**Task to complete**
What is needed is an exact reproduction of the lines from the one that contains "4 in 1 for Apple" through the end of the data, both included and nothing else, with pictures omitted.
******************************
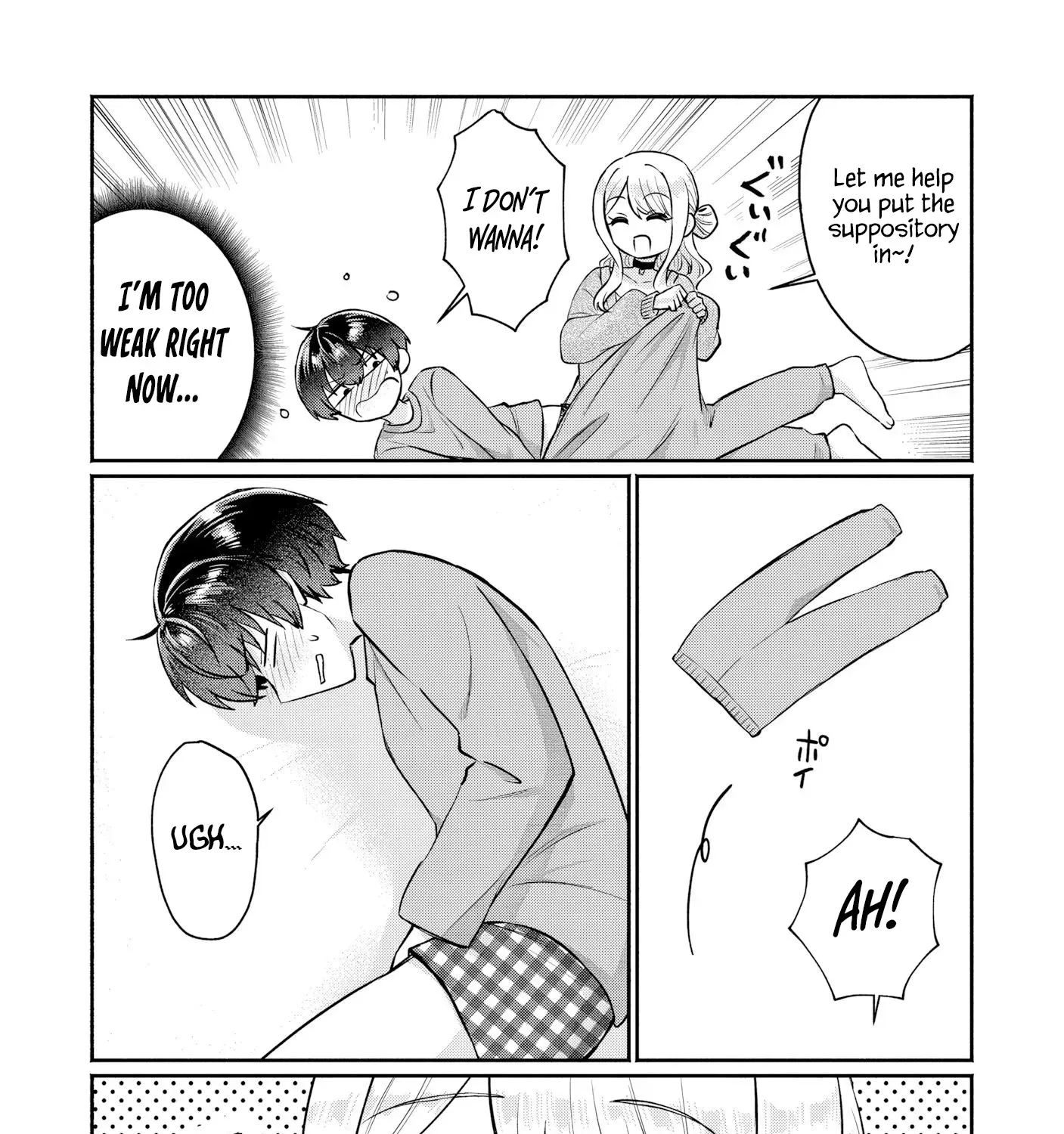 Douyara Ore Wa Imadoki Gal Na Toshiue Osananajimi Kara Gekiomo Kanjou Wo Mukerareteiru Rashii Chapter 9 page 5 - 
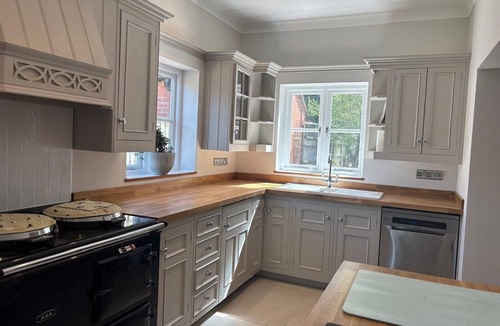 Holt House | Spacious, luxurious house in Holt, total refurbishment: new from April 2025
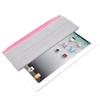 4 in 1 for Apple iPad 4 iPad 3 iPad 2 Sleep Wake up function Ultra thin Smart Leather Case Screen Guard Stylus Pen Cloth Set Pink view 3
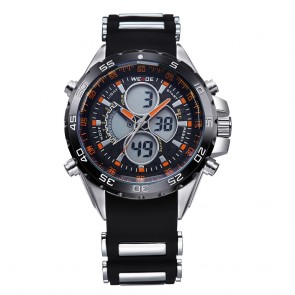 Ceas WEIDE Quartz Casual Sport Orange WH1103-9C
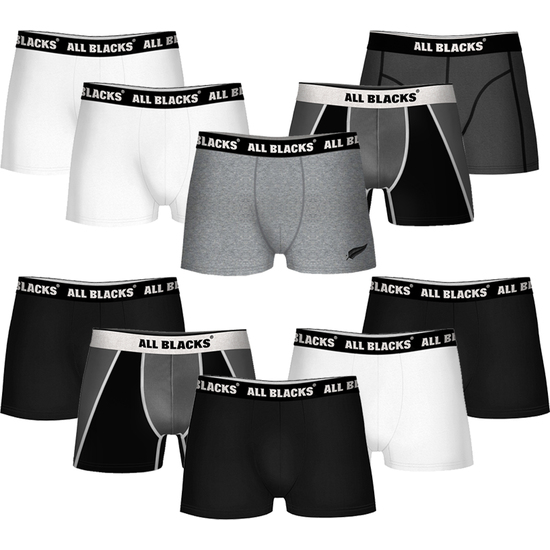 PACK 10 CALZONCILLOS SURTIDOS DE LA MARCA ALL BLACKS  image 0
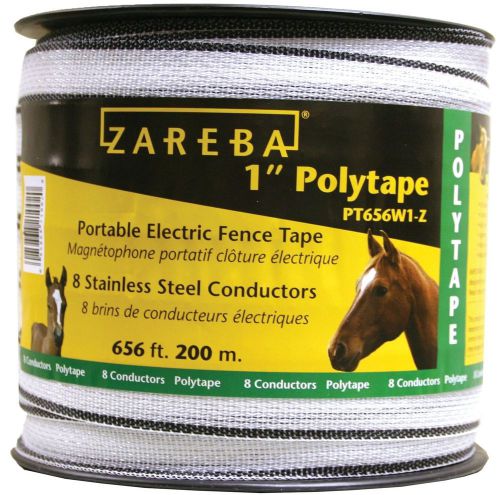 Zareba PT656W1-Z 1-Inch 200m Polytape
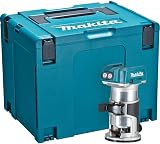 Makita DRT50ZJ 18V Li-Ion Brushless Router Trimmer Makpac Case view 2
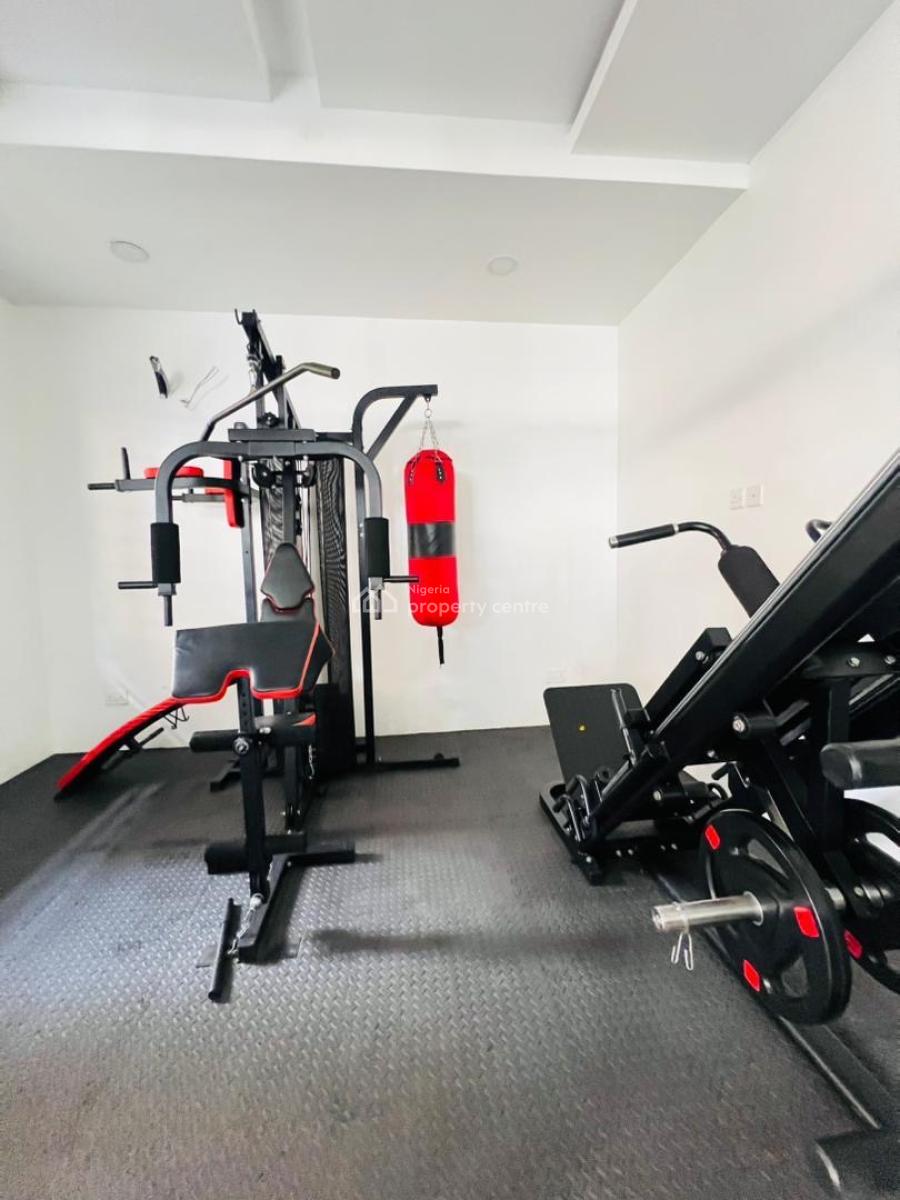 Fully Furnished Two Bedroom Flat, Agungi, Lekki, Lagos, Flat / Apartment for Rent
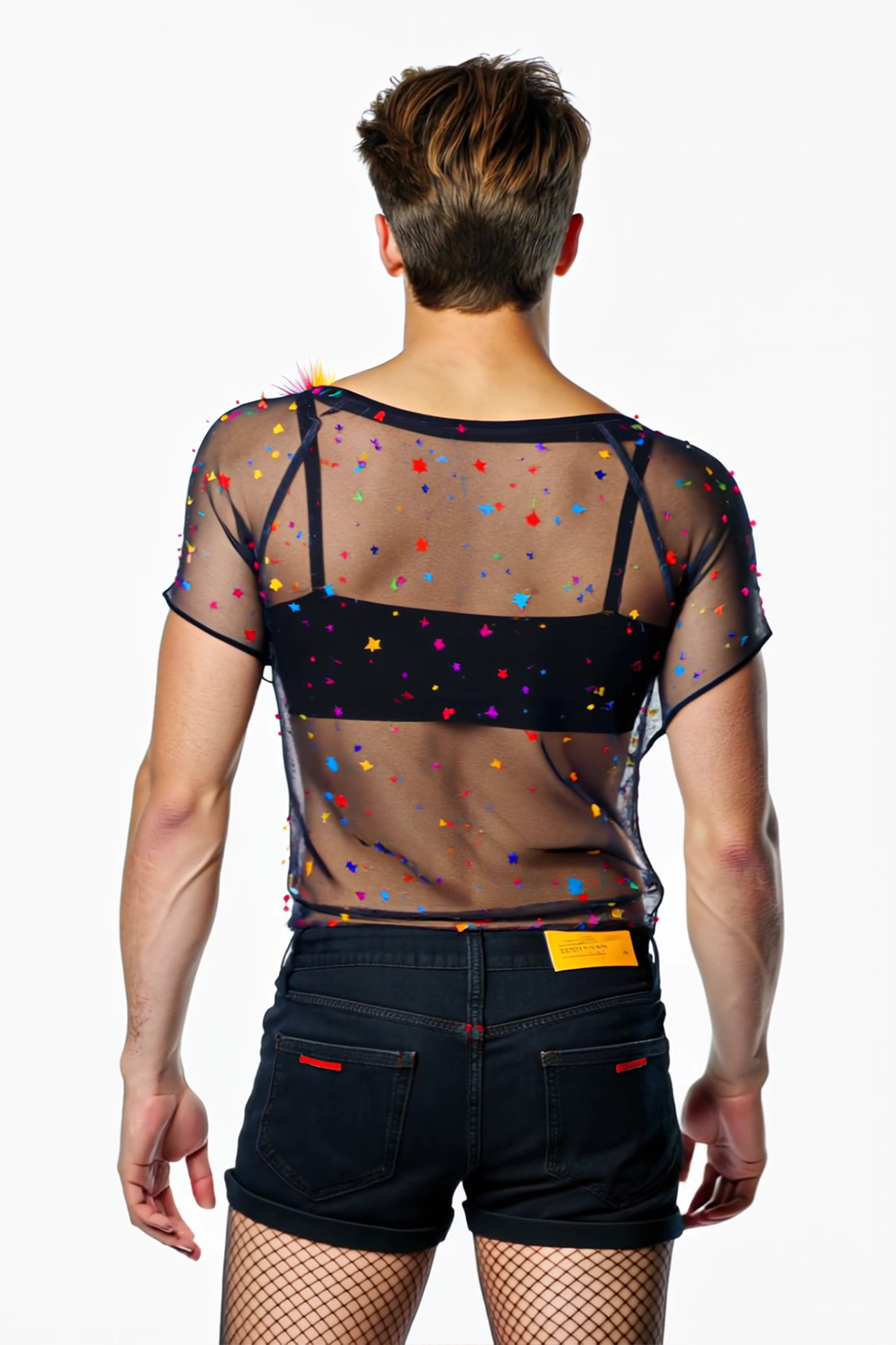 Joylgbt Festival Mesh Shirt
******************************
**Reply**
 4 in 1 for Apple iPad 4 iPad 3 iPad 2 Sleep Wake up function Ultra thin Smart Leather Case Screen Guard Stylus Pen Cloth Set Pink view 3
 Ceas WEIDE Quartz Casual Sport Orange WH1103-9C
 PACK 10 CALZONCILLOS SURTIDOS DE LA MARCA ALL BLACKS  image 0
 Zareba PT656W1-Z 1-Inch 200m Polytape
 Makita DRT50ZJ 18V Li-Ion Brushless Router Trimmer Makpac Case view 2
 Fully Furnished Two Bedroom Flat, Agungi, Lekki, Lagos, Flat / Apartment for Rent
 Joylgbt Festival Mesh Shirt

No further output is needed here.